Paul D Sam, Gautham N
Centre of Advanced Study in Crystallography and Biophysics, University of Madras, Chennai 600025, India.
Centre of Advanced Study in Crystallography and Biophysics, University of Madras, Chennai 600025, India.
J Mol Graph Model. 2017 Jun;74:89-99. doi: 10.1016/j.jmgm.2017.03.008. Epub 2017 Mar 18.

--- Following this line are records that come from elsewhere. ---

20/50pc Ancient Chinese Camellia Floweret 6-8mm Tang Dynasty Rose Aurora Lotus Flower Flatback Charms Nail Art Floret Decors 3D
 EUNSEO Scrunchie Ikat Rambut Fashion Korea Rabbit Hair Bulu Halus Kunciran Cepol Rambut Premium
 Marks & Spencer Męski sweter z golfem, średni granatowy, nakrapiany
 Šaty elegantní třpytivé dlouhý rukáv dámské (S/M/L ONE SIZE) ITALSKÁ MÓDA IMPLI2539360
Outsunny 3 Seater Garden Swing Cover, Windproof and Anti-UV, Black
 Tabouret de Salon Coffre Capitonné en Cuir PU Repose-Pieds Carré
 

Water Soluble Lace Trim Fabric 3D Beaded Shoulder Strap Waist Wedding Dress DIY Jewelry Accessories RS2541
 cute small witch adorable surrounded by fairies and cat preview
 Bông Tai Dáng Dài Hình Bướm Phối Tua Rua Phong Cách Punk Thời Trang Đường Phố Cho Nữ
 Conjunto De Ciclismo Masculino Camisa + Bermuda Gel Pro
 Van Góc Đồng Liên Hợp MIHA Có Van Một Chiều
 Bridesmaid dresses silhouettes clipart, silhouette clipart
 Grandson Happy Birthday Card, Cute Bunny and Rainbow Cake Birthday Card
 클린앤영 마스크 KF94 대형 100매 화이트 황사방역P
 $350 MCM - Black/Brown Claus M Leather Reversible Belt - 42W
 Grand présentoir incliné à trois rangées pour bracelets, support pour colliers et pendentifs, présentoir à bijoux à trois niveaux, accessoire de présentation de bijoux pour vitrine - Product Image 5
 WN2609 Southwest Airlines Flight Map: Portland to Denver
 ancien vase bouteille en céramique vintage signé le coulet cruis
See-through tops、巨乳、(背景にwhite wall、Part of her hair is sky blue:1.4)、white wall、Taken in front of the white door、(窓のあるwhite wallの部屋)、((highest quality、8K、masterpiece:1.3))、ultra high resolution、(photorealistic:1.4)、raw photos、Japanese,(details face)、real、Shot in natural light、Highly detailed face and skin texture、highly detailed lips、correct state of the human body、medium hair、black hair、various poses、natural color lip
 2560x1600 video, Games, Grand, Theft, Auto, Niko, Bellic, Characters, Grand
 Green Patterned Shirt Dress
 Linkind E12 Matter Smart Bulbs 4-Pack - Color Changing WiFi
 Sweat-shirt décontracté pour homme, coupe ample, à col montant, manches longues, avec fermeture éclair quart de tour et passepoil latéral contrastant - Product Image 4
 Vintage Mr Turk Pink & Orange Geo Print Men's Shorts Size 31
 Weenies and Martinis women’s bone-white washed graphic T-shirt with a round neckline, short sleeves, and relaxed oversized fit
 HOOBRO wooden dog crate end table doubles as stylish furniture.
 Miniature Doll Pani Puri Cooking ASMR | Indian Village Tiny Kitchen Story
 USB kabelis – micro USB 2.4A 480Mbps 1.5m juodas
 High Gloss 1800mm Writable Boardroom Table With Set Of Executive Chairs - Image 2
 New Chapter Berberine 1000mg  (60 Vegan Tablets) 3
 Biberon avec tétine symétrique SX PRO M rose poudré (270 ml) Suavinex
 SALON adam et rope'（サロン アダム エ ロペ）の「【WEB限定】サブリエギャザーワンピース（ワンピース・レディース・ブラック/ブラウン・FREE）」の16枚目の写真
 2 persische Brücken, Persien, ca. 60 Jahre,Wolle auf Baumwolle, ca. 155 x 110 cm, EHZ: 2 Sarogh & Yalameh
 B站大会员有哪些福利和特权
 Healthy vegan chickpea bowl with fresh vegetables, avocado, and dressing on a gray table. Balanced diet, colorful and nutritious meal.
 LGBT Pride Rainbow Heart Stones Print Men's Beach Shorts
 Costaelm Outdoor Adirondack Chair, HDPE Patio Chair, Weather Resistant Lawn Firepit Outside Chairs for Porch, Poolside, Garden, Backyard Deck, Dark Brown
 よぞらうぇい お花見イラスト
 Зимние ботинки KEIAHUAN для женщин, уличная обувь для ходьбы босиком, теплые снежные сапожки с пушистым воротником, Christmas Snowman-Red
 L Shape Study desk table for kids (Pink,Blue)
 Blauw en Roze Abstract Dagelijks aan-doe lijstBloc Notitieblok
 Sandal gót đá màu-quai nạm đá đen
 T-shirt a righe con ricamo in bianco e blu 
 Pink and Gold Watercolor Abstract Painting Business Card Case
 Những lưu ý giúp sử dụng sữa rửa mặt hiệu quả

We have earlier reported the MOLSDOCK technique to perform rigid receptor/flexible ligand docking. The method uses the MOLS method, developed in our laboratory. In this paper we report iMOLSDOCK, the 'flexible receptor' extension we have carried out to the algorithm MOLSDOCK. iMOLSDOCK uses mutually orthogonal Latin squares (MOLS) to sample the conformation and the docking pose of the ligand and also the flexible residues of the receptor protein. The method then uses a variant of the mean field technique to analyze the sample to arrive at the optimum. We have benchmarked and validated iMOLSDOCK with a dataset of 44 peptide-protein complexes with peptides. We have also compared iMOLSDOCK with other flexible receptor docking tools GOLD v5.2.1 and AutoDock Vina. The results obtained show that the method works better than these two algorithms, though it consumes more computer time.
我们之前报道过用于进行刚性受体/柔性配体对接的MOLSDOCK技术。该方法采用了我们实验室开发的MOLS方法。在本文中,我们报告了iMOLSDOCK,即我们对MOLSDOCK算法进行的“柔性受体”扩展。iMOLSDOCK使用相互正交拉丁方(MOLS)对配体的构象和对接姿势以及受体蛋白的柔性残基进行采样。然后该方法使用平均场技术的一个变体来分析样本以得出最优解。我们用一个包含44个肽 - 蛋白质复合物的数据集对iMOLSDOCK进行了基准测试和验证。我们还将iMOLSDOCK与其他柔性受体对接工具GOLD v5.2.1和AutoDock Vina进行了比较。所得结果表明,该方法比这两种算法效果更好,尽管它消耗更多的计算机时间。